■ Exercise goal:
Below are records to return verbatim; the pictures are to be dropped.

(Short text fragments from websites)
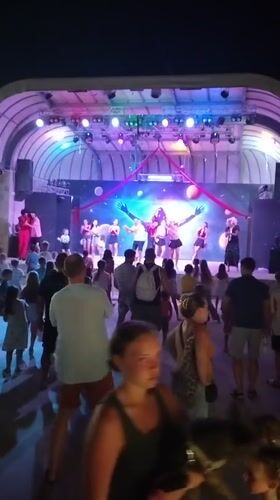 Nighttime outdoor stage show in Caorle with cosmic backdrop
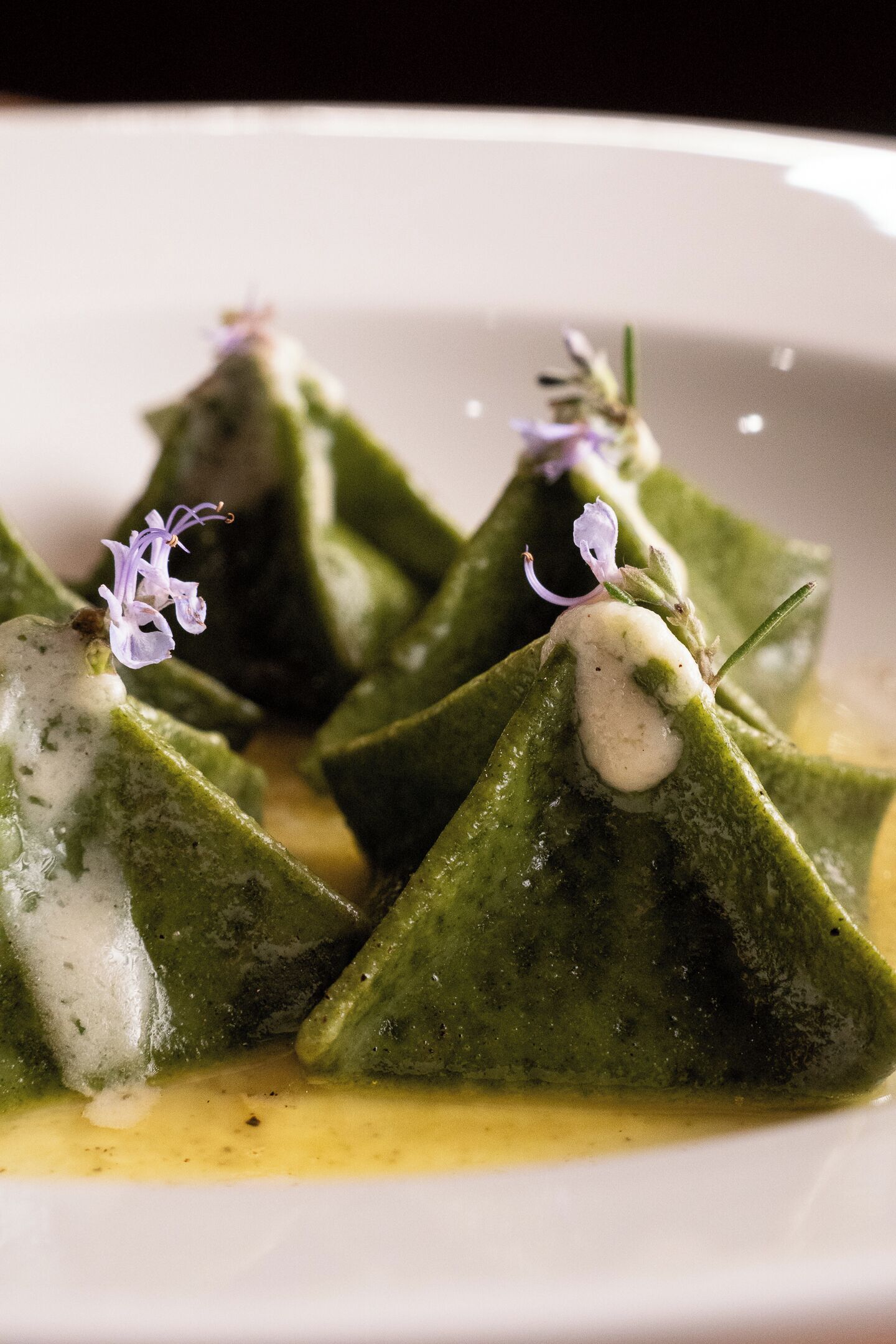 A plate of food with green triangular shapes, possibly a vegetable dish, garnished with small purple flowers and a creamy sauce.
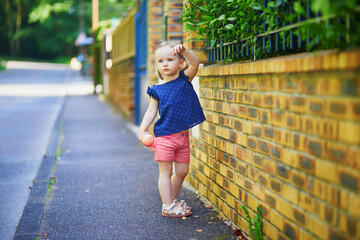 Adorable toddler girl standing against brick wall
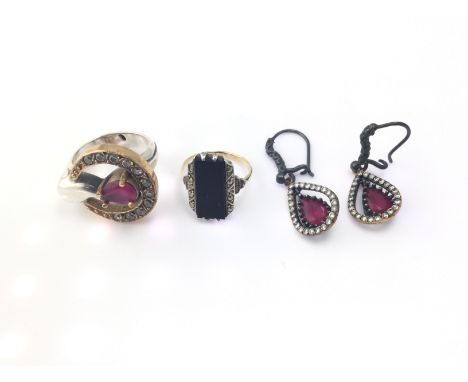A silver and gilt ring and a 9ct and silver ring and a pair of earrings. Postage B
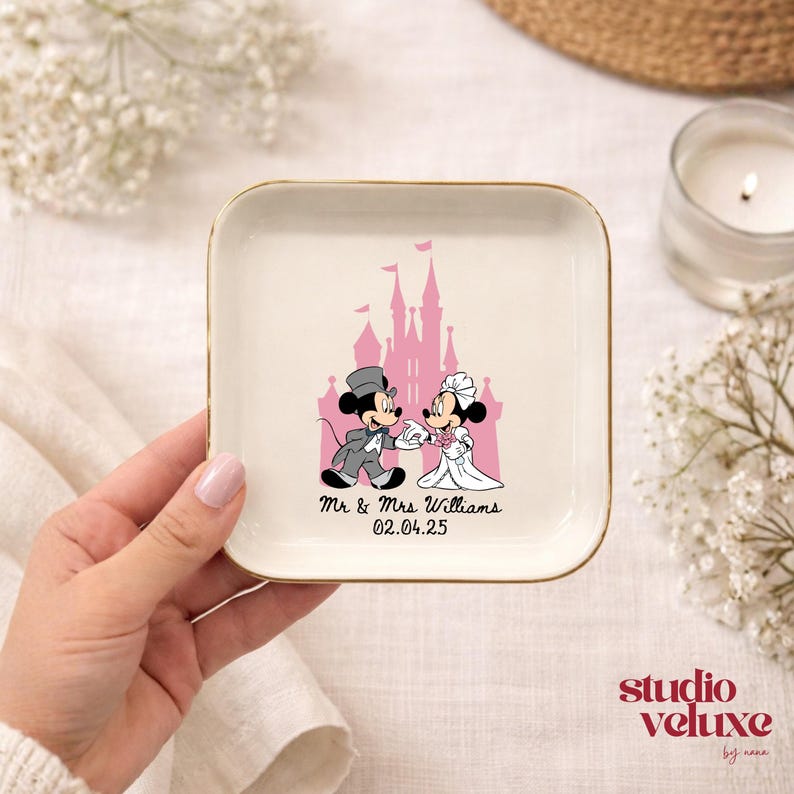May include: A square, off-white ceramic trinket dish with a gold rim. The dish features a pink castle graphic and a cartoon couple. Text on the dish reads "Mr. & Mrs. Williams 02.04.25".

■ Answer below:
 Nighttime outdoor stage show in Caorle with cosmic backdrop
 A plate of food with green triangular shapes, possibly a vegetable dish, garnished with small purple flowers and a creamy sauce.
 Adorable toddler girl standing against brick wall
A silver and gilt ring and a 9ct and silver ring and a pair of earrings. Postage B
May include: A square, off-white ceramic trinket dish with a gold rim. The dish features a pink castle graphic and a cartoon couple. Text on the dish reads "Mr. & Mrs. Williams 02.04.25".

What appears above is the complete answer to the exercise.